Arquitetura de software é a estrutura organizacional de um sistema, definindo como seus componentes (módulos, serviços, bancos de dados, interfaces, etc.) são distribuídos, interconectados e interagem entre si. Ela captura decisões de alto nível que influenciam:
- Qualidade (desempenho, segurança, manutenibilidade, escalabilidade…)
- Distribuição de responsabilidades entre equipes e partes do código
- Facilidade de evolução do sistema ao longo do tempo
Em resumo, a arquitetura fornece o “esqueleto” sobre o qual o código detalhado é construído.
Características
Principais características da arquitetura de software
| Característica | O que significa | Por que é importante |
|---|---|---|
| Modularidade | Divide o sistema em componentes ou módulos bem‑definidos com interfaces claras. | Facilita a compreensão, a reutilização e a manutenção isolada de partes do código. |
| Escalabilidade | Permite que o sistema cresça em carga (mais usuários, mais dados) sem degradar o desempenho. | Garante que a aplicação continue responsiva à medida que a demanda aumenta. |
| Desempenho | Define como o sistema atende requisitos de tempo de resposta e uso de recursos (CPU, memória, I/O). | Usuários esperam respostas rápidas; gargalos podem comprometer a experiência. |
| Segurança | Incorpora mecanismos de autenticação, autorização, criptografia, auditoria e proteção contra ameaças. | Evita vazamento de dados e ataques que possam comprometer a integridade do sistema. |
| Manutenibilidade | Estrutura o código para que alterações, correções e evoluções sejam simples e de baixo risco. | Reduz custos de suporte e acelera a entrega de novas funcionalidades. |
| Extensibilidade | Permite a adição de novos recursos ou a substituição de componentes sem grandes refatorações. | Mantém o ritmo de inovação ao longo da vida útil do produto. |
| Confiabilidade / Resiliência | Garante que o sistema continue operando corretamente mesmo diante de falhas parciais. | Minimiza interrupções e melhora a confiança dos usuários. |
| Testabilidade | Facilita a criação de testes automatizados (unitários, integração, aceitação). | Detecta defeitos cedo e assegura qualidade contínua. |
| Portabilidade | Possibilita que o software rode em diferentes ambientes (SO, hardware, nuvem). | Amplia o alcance do produto e reduz bloqueios tecnológicos. |
| Interoperabilidade | Define como o sistema se comunica com outros sistemas ou serviços (APIs, padrões). | Permite integrações e ecossistemas mais amplos. |
Como usar estas características na prática
- Defina prioridades – Nem todo projeto precisa de alta escalabilidade ou extrema segurança; escolha as características que atendam aos requisitos de negócio.

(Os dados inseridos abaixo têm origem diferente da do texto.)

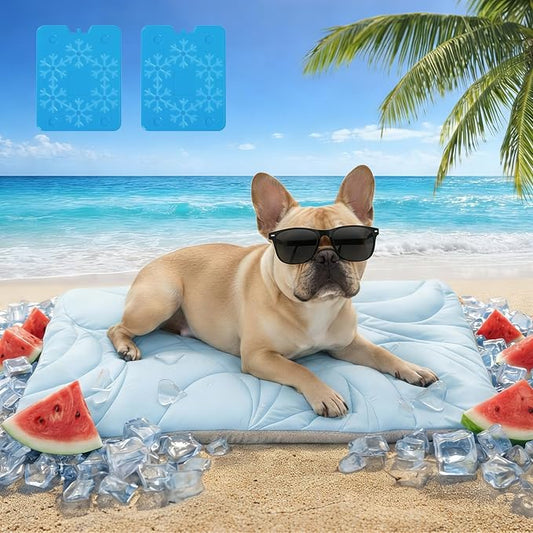 Vagascape Dog Cooling Mat New 5.0 Version Built-in Ice Pack, Long-Lasting Cool 6-8h, 30" x 20" Ultra Thick Soft Vine Pattern Pet Cooling Mat, Washable Foldable Large Cooling Pad for Indoor Outdoor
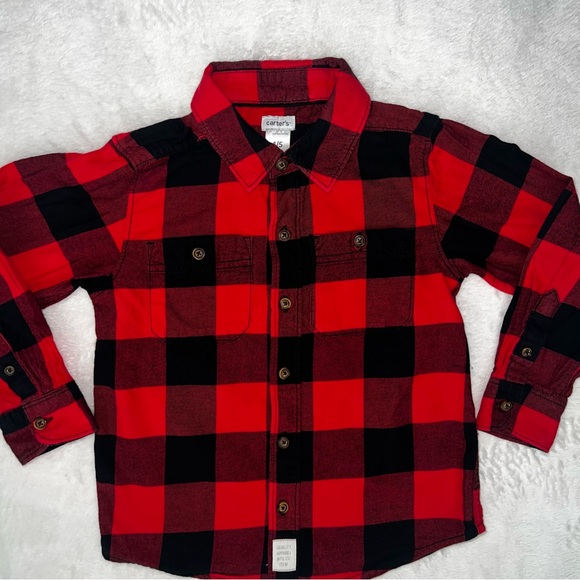 Carter's Red and Black Plaid Button-Down Shirt - Picture 2 of 4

- Documente decisões arquiteturais – Registre por que cada característica foi adotada, quais trade‑offs foram considerados e quem será responsável por mantê‑las.
- Valide continuamente – Use métricas (tempo de resposta, cobertura de teste, taxa de falhas) para monitorar se a arquitetura está cumprindo os objetivos definidos.
Outros passos sugeridos
- Mapear requisitos não funcionais do seu projeto e alinhar cada um às características acima.
- Criar diagramas de alto nível (por exemplo, diagramas de componentes ou de implantação) que evidenciem modularidade, comunicação e pontos críticos de segurança.
- Estabelecer um plano de avaliação periódico para revisar se a arquitetura ainda atende às necessidades à medida que o sistema evolui.
Tipos comuns de arquitetura de software
Resumo rápido
- Monolítico – Simplicidade, menos sobrecarga operacional.
- Cliente‑Servidor – Modelo clássico de web.
- Camada – Clareza de responsabilidades.
- Hexagonal / Clean – Isolamento do domínio.
- MVC / MVVM – Organização da camada de UI.
- Microserviços – Autonomia e escalabilidade.
- Serverless – Execução sob demanda, sem servidores fixos.
- SOA – Integração corporativa pesada.
- Event‑Driven – Desacoplamento e processamento assíncrono.
- CQRS – Otimização de leitura vs. escrita.
- P2P – Redes descentralizadas.
- Component‑Based – Reuso de blocos UI/lógicos.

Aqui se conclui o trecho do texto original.